Au cœur des marchés

Le nouveau maillon faible de la zone euro

La position avantageuse de l’Allemagne dans la crise que traverse l’Europe est largement le fruit des changements structurels mis en place durant la précédente décennie. Le choix de privilégier la compétitivité des entreprises aux dépens de la consommation domestique, un exemple de mercantilisme, a permis à l’Allemagne de développer des excédents extérieurs importants (7% du PIB aujourd’hui) en exportant vers les zones où la demande finale était forte (Asie, Etats-Unis et Europe du Sud!).
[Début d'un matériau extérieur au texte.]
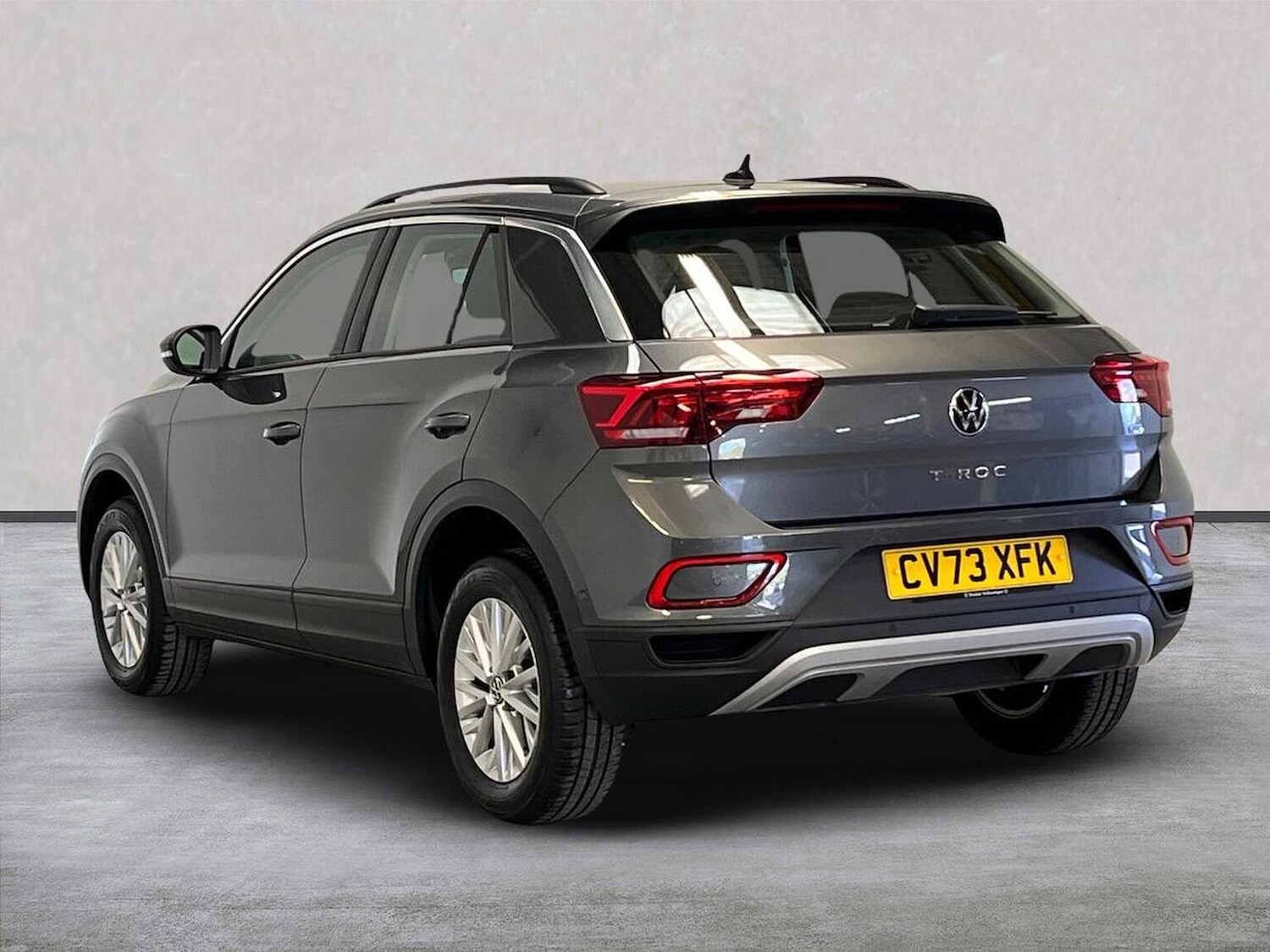 Used Volkswagen T-Roc 2023 for sale - 76047725: Photo 2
Ainsi, sur les dix dernières années, la hausse de la demande domestique est restée très inférieure à celle du PIB (et très faible en absolu, + 0,5% par an), tandis que les excédents commerciaux et, dans une moindre mesure, l’investissement productif des entreprises exportatrices jouaient le rôle de moteur de la croissance. Une exception singulière parmi les grandes économies développées, pour lesquelles la croissance s’appuie en général d’abord sur la consommation domestique.
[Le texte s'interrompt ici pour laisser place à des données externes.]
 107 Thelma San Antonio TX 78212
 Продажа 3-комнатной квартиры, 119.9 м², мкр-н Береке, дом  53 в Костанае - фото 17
Mais une telle politique ne porte ses fruits que lorsqu’il y a suffisamment de demande à l’extérieur du pays pour alimenter la croissance. Avec une Union européenne toujours en stagnation (plus de 50% des exportations sont allemandes), une croissance émergente qui se tasse et une économie américaine encore convalescente, il devient difficile de ne se reposer que sur les exportations. D’où le sérieux risque de récession qui touche dorénavant aussi l’Allemagne. La forte réaction à la baisse des marchés européens suite au nouveau recul de l’indice de confiance des patrons allemands semble indiquer qu’ils ont enfin pris conscience que la belle locomotive allemande ne marche pas aussi bien sur le plat (dans une économie mondiale plus frugale et sans grands déséquilibres) qu’en descente. Plus inquiétant, le gouvernement allemand (c’est-à-dire le chef de la loco), qui s’est pourtant aperçu que la vitesse diminue avec une révision à la baisse de ses prévisions de croissance pour 2014 et 2015, s’entête à vouloir économiser encore plus son charbon en présentant un solde budgétaire à l’équilibre.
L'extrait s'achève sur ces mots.